Something that works at the base "plain happiness" level but not above that is a "guilty pleasure". I don't think we have as good a label for the opposite, but I think many of us have felt that "I want to like this more that I actually do" feeling...when I was a pre-adolescent I tried to foster an appreciation for classical music and later jazz but in reality I didn't really have a feel for either. It took me years to admit myself I only like either when it's fast, has a lot of percussion and/or "hooks".
I guess there's a choice to be made, assuming we're not lucky enough to have the two levels in perfect alignment but smart enough to be bothered by that:
- do what you find entertaining and satisfying in the here-and-now and work towards a "philosophical" justification for that
- set out doing what you think you "should" do and hope for the trickle down in "actual" happiness.
In practice, for guys in modern times the base happiness level often involves following "adolescent" pursuits like video games or even skirt chasing. The meta-happiness involves "growing up", getting a good career, being a good family man. (In its negative sense, being a "geek" (in the Star Trek-lovin', fat slob never-talk-to-a-girl-without-a-credit-card stereotype) is all about the former without being tempered by the latter, and society is pretty damn harsh on that path.)
For me right now, it seems like I'm more inclined to stake out the former path; do what I like, then figure out the justifications. My key to fostering a sense meta-satisfaction from my pursuits is that they are some times "creative" (or, rather, "creationary") and the idea of "creating" ranks highly on the meta-level. I play video games (not as much as I used to) but I also create games. (Though I've also developed some pretty decent justifications for why gaming interests me so much.) Kisrael.com also provides a framework for two other pursuits of mine, musing and browsing, and lets me produce a tangible reward for it, something that other people seem to enjoy as well.
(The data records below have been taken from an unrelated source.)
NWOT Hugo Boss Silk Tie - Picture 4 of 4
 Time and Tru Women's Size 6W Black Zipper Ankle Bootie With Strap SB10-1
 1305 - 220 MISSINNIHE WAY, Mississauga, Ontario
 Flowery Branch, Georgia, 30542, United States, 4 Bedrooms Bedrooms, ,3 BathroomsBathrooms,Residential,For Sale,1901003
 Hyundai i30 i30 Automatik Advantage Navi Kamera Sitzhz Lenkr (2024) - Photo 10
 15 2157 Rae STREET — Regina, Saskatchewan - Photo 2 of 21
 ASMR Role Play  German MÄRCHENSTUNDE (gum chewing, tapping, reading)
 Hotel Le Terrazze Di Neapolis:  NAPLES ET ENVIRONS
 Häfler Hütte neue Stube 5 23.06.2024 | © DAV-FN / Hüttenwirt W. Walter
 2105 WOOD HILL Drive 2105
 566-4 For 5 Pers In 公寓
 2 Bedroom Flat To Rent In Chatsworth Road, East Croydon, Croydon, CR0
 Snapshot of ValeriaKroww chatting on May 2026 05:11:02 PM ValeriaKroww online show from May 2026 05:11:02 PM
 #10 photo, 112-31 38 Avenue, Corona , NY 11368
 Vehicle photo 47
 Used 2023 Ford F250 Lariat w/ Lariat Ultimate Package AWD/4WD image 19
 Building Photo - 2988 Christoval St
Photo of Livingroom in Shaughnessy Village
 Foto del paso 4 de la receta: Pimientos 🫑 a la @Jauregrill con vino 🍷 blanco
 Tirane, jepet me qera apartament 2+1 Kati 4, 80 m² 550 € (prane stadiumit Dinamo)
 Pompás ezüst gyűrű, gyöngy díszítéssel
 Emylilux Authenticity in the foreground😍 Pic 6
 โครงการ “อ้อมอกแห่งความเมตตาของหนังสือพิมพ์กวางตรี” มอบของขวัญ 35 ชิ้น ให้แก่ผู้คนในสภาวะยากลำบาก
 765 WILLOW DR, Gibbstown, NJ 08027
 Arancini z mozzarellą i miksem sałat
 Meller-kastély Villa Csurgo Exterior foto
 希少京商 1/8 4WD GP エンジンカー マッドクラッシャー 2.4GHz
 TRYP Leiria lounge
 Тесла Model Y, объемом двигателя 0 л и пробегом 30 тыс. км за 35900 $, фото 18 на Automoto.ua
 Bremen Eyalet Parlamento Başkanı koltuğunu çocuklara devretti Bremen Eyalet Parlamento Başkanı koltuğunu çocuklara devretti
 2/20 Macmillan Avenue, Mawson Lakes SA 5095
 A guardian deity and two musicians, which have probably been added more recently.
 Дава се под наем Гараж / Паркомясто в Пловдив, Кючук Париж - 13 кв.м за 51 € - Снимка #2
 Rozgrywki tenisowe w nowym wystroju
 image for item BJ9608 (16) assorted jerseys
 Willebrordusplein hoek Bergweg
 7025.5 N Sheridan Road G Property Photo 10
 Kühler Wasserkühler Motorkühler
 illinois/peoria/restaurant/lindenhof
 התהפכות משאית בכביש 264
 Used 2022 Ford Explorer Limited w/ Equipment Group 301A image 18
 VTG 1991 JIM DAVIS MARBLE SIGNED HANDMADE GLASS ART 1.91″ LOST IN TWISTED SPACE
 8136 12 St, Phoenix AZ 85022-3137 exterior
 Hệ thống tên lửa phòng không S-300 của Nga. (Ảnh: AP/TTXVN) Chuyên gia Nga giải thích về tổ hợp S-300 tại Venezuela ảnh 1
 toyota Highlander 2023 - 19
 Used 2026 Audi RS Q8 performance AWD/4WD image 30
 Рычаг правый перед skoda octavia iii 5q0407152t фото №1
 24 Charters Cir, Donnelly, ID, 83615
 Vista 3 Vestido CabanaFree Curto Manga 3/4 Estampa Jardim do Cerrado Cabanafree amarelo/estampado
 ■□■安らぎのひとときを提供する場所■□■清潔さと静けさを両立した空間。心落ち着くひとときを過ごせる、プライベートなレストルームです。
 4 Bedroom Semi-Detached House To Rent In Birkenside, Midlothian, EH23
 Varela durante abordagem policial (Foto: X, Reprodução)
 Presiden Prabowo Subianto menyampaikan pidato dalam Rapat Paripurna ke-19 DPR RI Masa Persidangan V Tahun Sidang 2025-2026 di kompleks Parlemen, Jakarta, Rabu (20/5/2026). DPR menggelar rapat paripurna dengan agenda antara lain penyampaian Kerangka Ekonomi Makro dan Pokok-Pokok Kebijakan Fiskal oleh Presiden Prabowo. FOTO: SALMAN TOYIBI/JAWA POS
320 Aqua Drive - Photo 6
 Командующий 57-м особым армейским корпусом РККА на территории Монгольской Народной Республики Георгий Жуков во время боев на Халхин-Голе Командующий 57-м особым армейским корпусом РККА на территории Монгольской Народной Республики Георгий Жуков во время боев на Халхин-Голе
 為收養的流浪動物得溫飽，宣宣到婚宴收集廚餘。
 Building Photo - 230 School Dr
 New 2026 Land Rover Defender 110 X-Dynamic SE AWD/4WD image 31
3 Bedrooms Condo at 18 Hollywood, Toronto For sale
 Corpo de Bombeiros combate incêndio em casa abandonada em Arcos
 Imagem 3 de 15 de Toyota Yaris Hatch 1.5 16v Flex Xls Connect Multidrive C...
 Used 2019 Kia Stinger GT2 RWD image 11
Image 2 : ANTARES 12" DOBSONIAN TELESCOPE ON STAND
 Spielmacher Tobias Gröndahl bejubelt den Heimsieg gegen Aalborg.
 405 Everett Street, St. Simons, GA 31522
What about being a family man? I don't know. I understand that it can entail a giant sacrifice of most of those "trivial pursuits". I've also been told that having a child the most cosmic thing a guy can do, I guess the meta-satisfaction is so overwhelming that it gushes over into the base levels of happiness. That seems like a giant leap of faith though, and I've never been crazy about irrevocable choices that pursuing that life would entail. On the other hand, I know I've enjoyed working with kids, seeing how their minds work, teaching them and also witnessing the world through fresher eyes.
Philosophically it's almost a dead heat; my tendency towards anxiety and a cheerful nihilism makes it easy to explain not wanting to bring a child into this world. On the other hand there's a fear of long term regret, that some day I'll look at my amusements and accomplishments and ask "was that all worth it?"
Well, let me know what you think. (Interestingly, there are very Google few hits for "meta-happiness" or "meta-satisfaction", either given as one word or two. Is there another word for the concept that I'm not thinking of, or is it relatively uncharted territory?)